Published Tuesday, June 13, 2017
by KATHIE RAGSDALE


A Southern NH University student works on aeronautics equipment. Liz Linder Photography


New Hampshire is experiencing an engineering boom, as engineering firms across the state expand and colleges and universities ramp up programs to meet the growing demand for engineering professionals. The post-recession economy has brought a growth in municipal projects, a hike in demand for new single- and multi-family residences and an overall boost in building, as such projects as the I-93 expansion create business opportunities in the state.

“In the type of work we do, we’re closely aligned with the economy so as the economy improves, all boats rise on the tide,” says George Fredette, president and principal engineer at SFC Engineering Partnership in Windham. “We’re getting phone calls, ‘can you help us develop this property or that property.’ More money is available for municipal projects. People are feeling better about investments like that. People want to build new homes.”


 The SFC Engineering team. Courtesy photo.


Likewise, Nancy Nichols, vice president and senior engineer at Team Engineering in Bedford, says, “Building and engineering just go hand in hand. As the economy builds, we engineer it.”

Dylan R. Cruess, COO of TFMoran in Bedford, says voters are increasingly favorable toward municipal projects like new police stations. “Town votes have kicked off a lot of engineering activity,” he adds. “Multi-family residential is also very popular.” That includes two apartment complexes in Manchester engineered by TFMoran: one behind Northeast Delta Dental Stadium and another off Candia Road that will include 130 units. “There’s a lot of commercial and residential activity in development. Interest rates are low,” he says.
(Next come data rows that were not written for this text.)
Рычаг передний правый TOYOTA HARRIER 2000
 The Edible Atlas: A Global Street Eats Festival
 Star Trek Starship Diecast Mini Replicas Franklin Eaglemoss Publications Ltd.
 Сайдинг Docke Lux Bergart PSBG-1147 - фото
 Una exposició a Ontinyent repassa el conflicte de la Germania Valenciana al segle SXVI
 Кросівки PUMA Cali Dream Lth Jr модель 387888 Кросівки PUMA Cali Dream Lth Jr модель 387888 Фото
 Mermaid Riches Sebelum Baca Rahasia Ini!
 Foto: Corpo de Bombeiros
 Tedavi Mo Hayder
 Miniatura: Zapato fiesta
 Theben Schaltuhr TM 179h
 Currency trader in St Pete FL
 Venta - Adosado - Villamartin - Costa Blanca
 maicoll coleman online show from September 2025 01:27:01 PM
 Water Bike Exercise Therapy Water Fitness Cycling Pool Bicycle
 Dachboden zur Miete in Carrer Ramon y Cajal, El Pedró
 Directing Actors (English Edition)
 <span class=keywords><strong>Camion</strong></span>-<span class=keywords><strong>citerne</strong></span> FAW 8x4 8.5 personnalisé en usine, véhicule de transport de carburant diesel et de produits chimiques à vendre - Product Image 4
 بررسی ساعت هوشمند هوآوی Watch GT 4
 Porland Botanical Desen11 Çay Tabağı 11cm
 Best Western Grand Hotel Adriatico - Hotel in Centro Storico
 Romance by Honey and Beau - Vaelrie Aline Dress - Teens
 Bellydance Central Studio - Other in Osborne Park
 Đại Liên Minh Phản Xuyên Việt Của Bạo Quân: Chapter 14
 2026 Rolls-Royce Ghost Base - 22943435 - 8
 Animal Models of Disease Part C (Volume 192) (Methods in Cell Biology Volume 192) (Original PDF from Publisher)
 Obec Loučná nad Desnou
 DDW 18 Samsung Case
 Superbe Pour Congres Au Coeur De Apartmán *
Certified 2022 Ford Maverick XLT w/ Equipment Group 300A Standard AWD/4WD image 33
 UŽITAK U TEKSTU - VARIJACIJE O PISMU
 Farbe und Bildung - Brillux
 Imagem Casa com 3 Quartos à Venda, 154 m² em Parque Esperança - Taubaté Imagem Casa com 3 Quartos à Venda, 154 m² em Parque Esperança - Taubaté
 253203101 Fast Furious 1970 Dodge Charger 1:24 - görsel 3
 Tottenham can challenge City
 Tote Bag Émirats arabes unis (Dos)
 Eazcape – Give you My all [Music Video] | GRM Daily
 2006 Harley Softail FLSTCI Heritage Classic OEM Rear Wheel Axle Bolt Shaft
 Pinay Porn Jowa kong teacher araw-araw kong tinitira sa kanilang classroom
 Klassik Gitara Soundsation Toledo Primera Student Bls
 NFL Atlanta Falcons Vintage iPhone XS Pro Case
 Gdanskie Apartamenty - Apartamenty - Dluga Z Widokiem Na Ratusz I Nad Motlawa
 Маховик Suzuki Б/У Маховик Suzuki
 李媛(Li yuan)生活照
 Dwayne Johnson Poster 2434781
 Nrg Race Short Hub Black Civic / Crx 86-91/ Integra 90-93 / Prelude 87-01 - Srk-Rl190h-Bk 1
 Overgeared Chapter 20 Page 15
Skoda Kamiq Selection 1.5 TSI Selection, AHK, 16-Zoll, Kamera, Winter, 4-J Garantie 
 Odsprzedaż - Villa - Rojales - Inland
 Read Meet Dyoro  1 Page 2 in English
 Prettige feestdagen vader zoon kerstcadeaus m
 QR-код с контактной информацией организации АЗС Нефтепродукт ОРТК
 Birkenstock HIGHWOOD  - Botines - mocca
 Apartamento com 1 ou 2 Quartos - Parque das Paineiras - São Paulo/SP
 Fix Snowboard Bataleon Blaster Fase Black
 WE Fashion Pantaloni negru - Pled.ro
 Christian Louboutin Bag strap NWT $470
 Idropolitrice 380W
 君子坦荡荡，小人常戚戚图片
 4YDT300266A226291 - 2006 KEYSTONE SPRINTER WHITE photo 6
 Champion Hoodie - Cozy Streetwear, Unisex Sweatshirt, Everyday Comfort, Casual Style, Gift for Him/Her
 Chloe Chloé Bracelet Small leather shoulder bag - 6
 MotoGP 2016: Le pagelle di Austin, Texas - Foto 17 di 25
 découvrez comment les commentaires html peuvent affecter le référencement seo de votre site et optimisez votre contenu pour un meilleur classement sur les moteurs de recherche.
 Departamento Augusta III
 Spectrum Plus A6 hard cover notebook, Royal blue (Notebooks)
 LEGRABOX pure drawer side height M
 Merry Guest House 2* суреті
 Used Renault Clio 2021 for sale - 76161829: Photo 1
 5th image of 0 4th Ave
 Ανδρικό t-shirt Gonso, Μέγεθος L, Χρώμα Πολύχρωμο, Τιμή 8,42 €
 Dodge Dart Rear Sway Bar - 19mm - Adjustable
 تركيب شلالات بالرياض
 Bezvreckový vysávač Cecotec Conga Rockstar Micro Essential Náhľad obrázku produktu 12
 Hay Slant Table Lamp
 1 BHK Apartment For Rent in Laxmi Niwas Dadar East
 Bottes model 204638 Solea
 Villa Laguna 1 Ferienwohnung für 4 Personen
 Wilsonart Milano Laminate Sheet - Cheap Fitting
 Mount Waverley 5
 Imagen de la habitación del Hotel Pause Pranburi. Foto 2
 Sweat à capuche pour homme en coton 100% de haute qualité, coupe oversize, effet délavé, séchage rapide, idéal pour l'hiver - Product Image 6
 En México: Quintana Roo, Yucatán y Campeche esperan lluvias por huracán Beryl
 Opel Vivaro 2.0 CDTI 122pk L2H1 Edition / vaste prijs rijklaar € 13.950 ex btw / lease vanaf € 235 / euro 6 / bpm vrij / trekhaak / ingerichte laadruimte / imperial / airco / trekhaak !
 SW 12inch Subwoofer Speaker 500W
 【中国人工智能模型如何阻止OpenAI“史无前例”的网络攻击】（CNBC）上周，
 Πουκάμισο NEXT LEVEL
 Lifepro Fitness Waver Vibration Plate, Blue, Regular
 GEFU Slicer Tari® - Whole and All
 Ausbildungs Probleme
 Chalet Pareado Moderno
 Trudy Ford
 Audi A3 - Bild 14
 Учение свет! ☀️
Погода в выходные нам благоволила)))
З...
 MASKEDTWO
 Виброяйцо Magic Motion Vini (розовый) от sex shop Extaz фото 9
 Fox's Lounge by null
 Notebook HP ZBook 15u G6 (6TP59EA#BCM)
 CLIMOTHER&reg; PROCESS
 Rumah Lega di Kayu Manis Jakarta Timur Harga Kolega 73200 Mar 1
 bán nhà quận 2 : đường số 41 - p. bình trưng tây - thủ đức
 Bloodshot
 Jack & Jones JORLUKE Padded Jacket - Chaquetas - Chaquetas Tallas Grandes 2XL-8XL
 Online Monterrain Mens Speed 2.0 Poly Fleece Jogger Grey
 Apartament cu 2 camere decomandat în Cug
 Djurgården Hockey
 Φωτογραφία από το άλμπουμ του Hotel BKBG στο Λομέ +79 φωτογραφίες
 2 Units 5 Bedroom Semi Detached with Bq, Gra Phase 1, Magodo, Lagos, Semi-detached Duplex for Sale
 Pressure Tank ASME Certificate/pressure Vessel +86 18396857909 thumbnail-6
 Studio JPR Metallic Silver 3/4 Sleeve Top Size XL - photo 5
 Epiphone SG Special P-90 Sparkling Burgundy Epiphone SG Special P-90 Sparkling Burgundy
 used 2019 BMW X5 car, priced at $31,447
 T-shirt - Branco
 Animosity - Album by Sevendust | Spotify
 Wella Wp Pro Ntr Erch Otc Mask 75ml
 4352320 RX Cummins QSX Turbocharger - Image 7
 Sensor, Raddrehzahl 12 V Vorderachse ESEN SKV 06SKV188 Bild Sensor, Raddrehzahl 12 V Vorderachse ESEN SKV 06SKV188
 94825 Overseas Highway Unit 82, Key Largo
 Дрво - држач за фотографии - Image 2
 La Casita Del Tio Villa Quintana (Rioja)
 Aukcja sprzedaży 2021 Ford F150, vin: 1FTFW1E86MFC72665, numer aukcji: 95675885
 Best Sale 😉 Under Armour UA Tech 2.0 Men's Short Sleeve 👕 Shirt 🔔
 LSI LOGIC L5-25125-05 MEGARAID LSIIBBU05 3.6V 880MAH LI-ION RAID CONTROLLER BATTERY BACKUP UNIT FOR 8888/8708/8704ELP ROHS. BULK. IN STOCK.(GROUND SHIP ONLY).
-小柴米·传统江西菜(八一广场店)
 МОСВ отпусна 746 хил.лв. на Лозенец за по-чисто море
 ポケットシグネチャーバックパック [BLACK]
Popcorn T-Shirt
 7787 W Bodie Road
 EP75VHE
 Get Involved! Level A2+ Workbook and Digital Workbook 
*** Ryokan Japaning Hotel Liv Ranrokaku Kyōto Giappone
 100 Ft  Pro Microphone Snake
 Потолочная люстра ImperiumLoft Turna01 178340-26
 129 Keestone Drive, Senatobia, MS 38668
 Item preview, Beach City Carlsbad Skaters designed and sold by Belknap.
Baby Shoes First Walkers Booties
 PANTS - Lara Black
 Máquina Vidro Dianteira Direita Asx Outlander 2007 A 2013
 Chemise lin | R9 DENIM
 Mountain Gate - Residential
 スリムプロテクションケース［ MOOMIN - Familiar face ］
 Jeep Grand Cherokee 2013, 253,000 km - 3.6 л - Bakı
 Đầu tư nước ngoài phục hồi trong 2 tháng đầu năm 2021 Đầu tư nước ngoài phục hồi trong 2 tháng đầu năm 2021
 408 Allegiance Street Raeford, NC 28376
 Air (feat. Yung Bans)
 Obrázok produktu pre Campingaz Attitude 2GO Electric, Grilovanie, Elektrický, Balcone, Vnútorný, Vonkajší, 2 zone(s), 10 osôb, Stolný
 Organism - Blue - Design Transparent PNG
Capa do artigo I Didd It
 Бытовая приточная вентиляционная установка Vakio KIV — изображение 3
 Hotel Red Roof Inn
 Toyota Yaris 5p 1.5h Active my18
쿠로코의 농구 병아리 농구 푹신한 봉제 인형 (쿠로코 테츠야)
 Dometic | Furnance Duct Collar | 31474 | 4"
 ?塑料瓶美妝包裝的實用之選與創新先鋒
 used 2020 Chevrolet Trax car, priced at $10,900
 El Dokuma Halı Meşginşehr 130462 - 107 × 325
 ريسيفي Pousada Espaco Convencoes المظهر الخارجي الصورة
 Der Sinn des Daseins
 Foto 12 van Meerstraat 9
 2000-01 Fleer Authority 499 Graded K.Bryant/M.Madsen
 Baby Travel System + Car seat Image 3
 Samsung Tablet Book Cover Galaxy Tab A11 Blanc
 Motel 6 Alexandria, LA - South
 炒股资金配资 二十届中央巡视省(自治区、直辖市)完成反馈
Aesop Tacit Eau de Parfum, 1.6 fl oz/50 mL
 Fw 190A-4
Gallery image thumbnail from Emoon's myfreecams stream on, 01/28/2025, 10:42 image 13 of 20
A December 2016 report by the NH Office of Energy and Planning shows that in 2015 alone, the most recent year for which figures are available, both single- and multi-family building permits reached highs for the decade, with most of the growth in the southern part of the state. Rockingham County saw issuance of 562 permits for single-family homes and 376 for multi family, while Hillsborough County had 466 for single family and 653 for multi family.

And Gov. Chris Sununu’s proposed budget calls for a new Infrastructure Revitalization Fund, fed by surplus state money and now roughly $84 million, with an eye toward doubling grants to towns for roads and bridges and increasing funding for school building aid—all promising to boost opportunities for engineering firms in the state.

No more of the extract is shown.